Mathematical Form and derivation
Consider a system whose initial system is ‘E_{1}’ let a quantity of heat ‘q’ absorbed by the system from the surroundings and does some work ‘W’ on the surroundings while the internal energy change to
‘E_{2}’.
Then, a change in internal energy is given by
ΔE = E_{1} – E_{2}
According to the first law of Thermodynamics
ΔE = q – W
The value of ΔE is negative when the system loses energy and positive when the system gains energy.
PressureVolume Work
Consider a gas enclosed in a cylinder, fitted with a frictionless and weightless piston.

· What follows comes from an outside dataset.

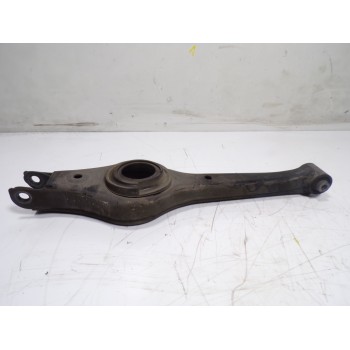 BRAZO SUSPENSION INFERIOR TRASERO IZQUIERDO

Let the area of the piston is ‘A’ external pressure acting on the piston ‘P’, the force exerted by the gas on the piston ‘F’.
Now, if the system expands, and the piston moves against the surroundings traveling a distance ‘ΔI’. Then,
Work = Force x Displacement
W = F x ΔI ———– 1
Since,
P = F/A
Therefore,
F = P x A ———— 2
Put the value of ‘f’ into equation # 1, and we get
W = P x A x ΔI ———— 3
Since,
A x ΔL = ΔV
So, in equation # 3 we can write as
W = P x ΔV
Or
W = P ΔV
According to the first law of thermodynamics
ΔE = q – w ———– 4
Put the value of ‘W’ in equation # 4 we get
ΔE = q – P ΔV
Or
q = ΔE + p Δ V
Application of First Law of Thermodynamics

Process At Constant Volume
According to the first law of thermodynamics
ΔE = q – P Δ V
ΔE = q v – P Δ V ————– 1
Where, qv = heat absorbed at constant volume when the volume of the system does not change
Δ V = 0
Under this condition, no work is done
P Δ V = p x 0 = 0
Hence, equation # 1 becomes
Δ E = q v ———— 2
This equation shows that at constant volume, the heat evolved is equal to the change in the internal energy, and no work is done.

Process At Constant Pressure
When heat is given to the system at constant pressure the internal energy of the system increases, as a result of which the system performs work on the surroundings:
Thus,
QP = ΔE + PΔV ——— 1
where QP is the heat absorbed at the constant pressure
we know that
ΔE = E_{1} – E_{2}
ΔV = V_{1} – V_{2}
Then equation # 1 can be written as:
= (E_{2} – E_{1}) + P(V_{2} – V_{1})
QP = (E_{2} + PV_{2}) – (E_{1} + PV_{1}) ——— 2
the enthalpy ‘H’ is mathematically defined as:
H = E + PV
At initial state
H_{1} = E_{1} + PV_{1}
At final state
H_{2} = E_{2} + PV_{2}
Substituting the value in equation # 2 we get
QP = H_{2} – H_{1} = Δ H
QP = ΔH ———– 3
Equation #1 can be written as:
ΔH = Δe + PΔV ——— 4
Equation #3 shows that heat absorbed or evolved from a system at constant pressure is equal to the change in enthalpy of the system.
Thus, a change in enthalpy is the heat absorbed or evolved by a system at constant pressure.